12 December 2024

Changes to Australian privacy laws now in force

Sophie Dawson, Emily Lau

This is just a quick update – for those who might have missed it – to let you know that some of the recent changes to Australian privacy laws have now commenced. 

The Privacy and Other Legislation Amendment Bill 2024 (Cth) passed both Houses of Parliament on 29 November 2024 and received Royal Assent on 10 December 2024.

The key changes, which came into effect on 11 December 2024, are:

  1. New powers for the OAIC to issue infringement notices and compliance notices:
    1. The OAIC has a new power to issue infringement notices for breaches of specified APPs (such as failure to have a privacy policy which meets the requirements of APP 1.4) or a non-compliant notifiable data breach statement without having to engage in protracted litigation, allowing it to resolve matters more efficiently. Infringement notices for each contravention of any of these provisions can be for up to $19,800 for a body corporate (other than a publicly listed corporation) and $66,000 for a publicly listed company.
    2. The OAIC may also give an entity a compliance notice if the OAIC reasonably believes that the entity has contravened any of the provisions for which infringement notices can be issued. The pecuniary penalty for a failure to comply with a compliance notice is $330,000 for a body corporate.
  2. Civil penalties:
    1. Existing maximum civil penalty for serious interference with privacy (the greater of $50 million; three times the value of the benefit obtained from the conduct; or, if the benefit cannot be determined, 30 per cent of adjusted turnover) is unchanged but the Privacy Act refers to a serious interference with privacy (instead of a serious or repeated interference with privacy) and clarifies what conduct constitutes “serious interferences with privacy”.
    2. New civil penalty for interferences with privacy that are not a serious interference, being a maximum of $3.3 million for a body corporate.
    3. New civil penalty for a contravention of any of the specified APPs or a non-compliant notifiable data breach statement, being a maximum of $330,000 for a body corporate.
  3. New powers to ‘whitelist’ overseas jurisdictions for the purposes of overseas disclosure of personal information: The Governor-General is now able to prescribe countries and binding schemes as providing substantially similar protection to the APPs and having mechanisms that the individual can access to enforce those protections.

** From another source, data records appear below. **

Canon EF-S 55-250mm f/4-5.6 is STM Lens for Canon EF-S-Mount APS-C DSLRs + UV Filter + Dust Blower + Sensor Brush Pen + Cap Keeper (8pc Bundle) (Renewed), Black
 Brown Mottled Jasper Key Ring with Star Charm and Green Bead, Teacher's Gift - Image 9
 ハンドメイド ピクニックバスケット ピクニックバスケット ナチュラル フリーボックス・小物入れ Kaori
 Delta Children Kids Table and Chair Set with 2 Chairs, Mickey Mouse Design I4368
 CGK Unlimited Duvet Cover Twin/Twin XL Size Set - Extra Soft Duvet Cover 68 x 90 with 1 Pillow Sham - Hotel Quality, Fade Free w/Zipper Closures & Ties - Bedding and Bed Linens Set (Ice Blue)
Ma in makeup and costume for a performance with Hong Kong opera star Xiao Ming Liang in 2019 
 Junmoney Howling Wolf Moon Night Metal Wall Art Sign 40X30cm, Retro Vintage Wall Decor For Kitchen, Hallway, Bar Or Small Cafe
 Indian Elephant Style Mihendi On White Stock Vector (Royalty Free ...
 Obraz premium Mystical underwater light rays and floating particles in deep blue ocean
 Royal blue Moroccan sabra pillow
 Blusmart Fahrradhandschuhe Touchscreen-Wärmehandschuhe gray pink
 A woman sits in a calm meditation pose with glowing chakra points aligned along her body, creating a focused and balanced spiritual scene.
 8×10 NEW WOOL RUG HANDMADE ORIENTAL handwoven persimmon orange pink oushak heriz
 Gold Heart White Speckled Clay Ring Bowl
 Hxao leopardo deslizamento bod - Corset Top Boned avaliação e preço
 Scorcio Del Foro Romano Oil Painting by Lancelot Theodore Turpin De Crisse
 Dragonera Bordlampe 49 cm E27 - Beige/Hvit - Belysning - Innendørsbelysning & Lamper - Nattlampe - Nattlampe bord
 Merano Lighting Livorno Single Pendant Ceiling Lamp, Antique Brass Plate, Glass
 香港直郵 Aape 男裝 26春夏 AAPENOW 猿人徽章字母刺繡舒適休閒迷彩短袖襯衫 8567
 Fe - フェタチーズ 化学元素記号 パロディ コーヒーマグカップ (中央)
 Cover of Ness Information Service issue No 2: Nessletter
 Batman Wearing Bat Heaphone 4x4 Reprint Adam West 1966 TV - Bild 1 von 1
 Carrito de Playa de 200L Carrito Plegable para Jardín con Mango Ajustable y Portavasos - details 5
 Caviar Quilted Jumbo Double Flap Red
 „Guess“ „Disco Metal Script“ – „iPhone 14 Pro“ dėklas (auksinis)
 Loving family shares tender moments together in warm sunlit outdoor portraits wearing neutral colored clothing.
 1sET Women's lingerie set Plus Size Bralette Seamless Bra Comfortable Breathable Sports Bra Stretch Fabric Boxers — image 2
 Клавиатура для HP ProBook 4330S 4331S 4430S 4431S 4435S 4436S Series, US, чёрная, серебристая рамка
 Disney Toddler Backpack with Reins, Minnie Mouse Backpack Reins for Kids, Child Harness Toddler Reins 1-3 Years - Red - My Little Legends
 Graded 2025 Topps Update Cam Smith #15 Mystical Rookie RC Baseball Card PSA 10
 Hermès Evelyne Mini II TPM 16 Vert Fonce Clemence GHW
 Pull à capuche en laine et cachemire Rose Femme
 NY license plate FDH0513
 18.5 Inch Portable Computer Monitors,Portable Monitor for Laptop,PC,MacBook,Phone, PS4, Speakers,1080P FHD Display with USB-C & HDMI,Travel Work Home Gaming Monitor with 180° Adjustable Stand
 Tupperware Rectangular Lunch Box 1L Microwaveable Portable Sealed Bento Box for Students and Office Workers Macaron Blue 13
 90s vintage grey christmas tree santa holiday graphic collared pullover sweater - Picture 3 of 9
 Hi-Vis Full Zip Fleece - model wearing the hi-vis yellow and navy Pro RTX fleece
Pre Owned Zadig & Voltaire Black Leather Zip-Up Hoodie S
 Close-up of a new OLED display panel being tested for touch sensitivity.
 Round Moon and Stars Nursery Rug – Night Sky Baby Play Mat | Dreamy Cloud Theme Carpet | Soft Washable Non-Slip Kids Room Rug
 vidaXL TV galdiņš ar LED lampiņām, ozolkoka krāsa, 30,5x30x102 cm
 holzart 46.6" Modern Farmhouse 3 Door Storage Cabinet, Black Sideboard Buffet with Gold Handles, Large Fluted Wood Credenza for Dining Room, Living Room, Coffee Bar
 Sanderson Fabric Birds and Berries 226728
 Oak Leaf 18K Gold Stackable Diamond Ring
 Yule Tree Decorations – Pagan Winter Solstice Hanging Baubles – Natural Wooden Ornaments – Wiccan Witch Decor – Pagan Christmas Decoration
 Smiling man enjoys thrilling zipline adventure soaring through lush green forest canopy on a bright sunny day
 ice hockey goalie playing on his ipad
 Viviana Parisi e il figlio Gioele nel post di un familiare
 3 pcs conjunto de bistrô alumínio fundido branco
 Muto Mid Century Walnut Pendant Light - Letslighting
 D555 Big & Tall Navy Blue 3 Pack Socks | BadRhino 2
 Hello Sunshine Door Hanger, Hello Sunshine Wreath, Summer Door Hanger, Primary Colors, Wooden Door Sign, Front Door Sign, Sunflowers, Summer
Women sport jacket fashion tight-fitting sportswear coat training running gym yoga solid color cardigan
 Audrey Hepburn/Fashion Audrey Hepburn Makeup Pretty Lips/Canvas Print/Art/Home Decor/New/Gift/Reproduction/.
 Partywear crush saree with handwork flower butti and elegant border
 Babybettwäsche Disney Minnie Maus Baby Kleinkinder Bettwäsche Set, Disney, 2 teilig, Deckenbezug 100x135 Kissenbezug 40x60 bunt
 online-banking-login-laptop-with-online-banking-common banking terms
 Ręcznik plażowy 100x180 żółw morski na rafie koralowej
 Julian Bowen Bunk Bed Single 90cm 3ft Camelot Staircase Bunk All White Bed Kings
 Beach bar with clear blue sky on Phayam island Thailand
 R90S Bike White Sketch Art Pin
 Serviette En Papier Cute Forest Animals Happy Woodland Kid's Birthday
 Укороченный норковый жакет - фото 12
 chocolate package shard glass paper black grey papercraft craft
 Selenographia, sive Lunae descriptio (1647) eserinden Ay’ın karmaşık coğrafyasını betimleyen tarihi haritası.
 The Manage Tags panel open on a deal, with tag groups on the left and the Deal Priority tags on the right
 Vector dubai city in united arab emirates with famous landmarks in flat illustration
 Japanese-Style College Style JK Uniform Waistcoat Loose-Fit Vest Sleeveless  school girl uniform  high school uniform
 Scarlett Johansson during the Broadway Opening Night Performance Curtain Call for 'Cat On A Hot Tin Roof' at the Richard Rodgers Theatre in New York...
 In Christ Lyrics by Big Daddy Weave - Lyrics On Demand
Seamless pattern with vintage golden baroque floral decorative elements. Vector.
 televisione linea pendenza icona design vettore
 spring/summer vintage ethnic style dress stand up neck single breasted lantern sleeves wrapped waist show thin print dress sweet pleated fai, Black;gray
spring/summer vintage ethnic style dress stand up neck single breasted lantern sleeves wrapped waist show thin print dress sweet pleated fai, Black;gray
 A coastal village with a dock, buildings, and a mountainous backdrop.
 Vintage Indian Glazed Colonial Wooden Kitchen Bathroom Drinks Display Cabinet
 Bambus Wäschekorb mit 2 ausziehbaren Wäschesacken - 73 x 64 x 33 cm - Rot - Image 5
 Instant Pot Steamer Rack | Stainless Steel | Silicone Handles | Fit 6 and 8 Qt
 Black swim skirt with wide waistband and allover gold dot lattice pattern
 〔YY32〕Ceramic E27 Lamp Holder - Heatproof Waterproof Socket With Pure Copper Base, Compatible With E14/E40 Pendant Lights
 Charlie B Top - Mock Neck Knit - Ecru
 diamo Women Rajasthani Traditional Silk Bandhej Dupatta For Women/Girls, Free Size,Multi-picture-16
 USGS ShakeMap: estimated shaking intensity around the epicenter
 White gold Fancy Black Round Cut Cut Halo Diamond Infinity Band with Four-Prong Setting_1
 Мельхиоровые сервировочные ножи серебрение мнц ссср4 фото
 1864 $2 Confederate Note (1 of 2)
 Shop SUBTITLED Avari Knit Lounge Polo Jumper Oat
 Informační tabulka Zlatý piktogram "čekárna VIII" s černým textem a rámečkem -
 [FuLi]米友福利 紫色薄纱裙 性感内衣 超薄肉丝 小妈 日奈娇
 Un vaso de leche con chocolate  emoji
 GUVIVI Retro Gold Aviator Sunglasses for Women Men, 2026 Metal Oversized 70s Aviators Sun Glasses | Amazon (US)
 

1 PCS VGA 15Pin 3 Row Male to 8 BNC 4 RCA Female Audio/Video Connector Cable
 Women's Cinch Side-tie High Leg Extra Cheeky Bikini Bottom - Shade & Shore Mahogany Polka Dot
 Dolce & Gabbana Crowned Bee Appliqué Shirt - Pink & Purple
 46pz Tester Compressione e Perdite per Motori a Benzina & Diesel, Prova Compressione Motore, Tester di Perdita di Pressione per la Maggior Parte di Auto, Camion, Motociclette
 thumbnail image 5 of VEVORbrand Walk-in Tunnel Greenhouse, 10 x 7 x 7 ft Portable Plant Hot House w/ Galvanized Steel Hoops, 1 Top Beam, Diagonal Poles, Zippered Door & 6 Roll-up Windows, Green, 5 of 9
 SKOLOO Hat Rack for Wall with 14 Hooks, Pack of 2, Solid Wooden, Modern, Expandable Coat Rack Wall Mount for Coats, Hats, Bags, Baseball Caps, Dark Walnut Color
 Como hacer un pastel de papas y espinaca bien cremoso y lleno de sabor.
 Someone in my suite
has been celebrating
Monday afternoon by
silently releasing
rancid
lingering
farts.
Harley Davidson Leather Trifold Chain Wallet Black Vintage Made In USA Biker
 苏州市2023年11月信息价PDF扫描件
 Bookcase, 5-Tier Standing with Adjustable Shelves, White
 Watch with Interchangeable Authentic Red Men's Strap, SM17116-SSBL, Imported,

However, at this stage no ‘whitelist’ exists.
  4. Information security obligations clarified: A new APP 11.3 clarifies that entities’ pre-existing obligations to take reasonable steps to protect personal information from misuse, interference and loss, and unauthorised access, modification or disclosure under APP 11.1 and destroy or de-identify personal information it no longer needs for any purpose for which the information may be used or disclosed and is not legally required to retain under APP 11.2, include technical and organisational measures.
  5. A new regime under which, in the wake of a notifiable data breach, a Minister can permit by way of declaration certain collections, uses and disclosures of personal information (that would otherwise breach privacy laws, duties of confidence or some statutory secrecy provisions) where the Minister is satisfied that the declaration is necessary to prevent or reduce the risk of harm to individuals affected by the data breach. 

Other key changes that will come into effect later are the requirements to include specific information in the entity’s privacy policy about automated decision making (scheduled to commence on 10 December 2026) and the new cause of action in tort for serious invasions of privacy (commencement date to be confirmed by a proclamation but no later than 10 June 2025).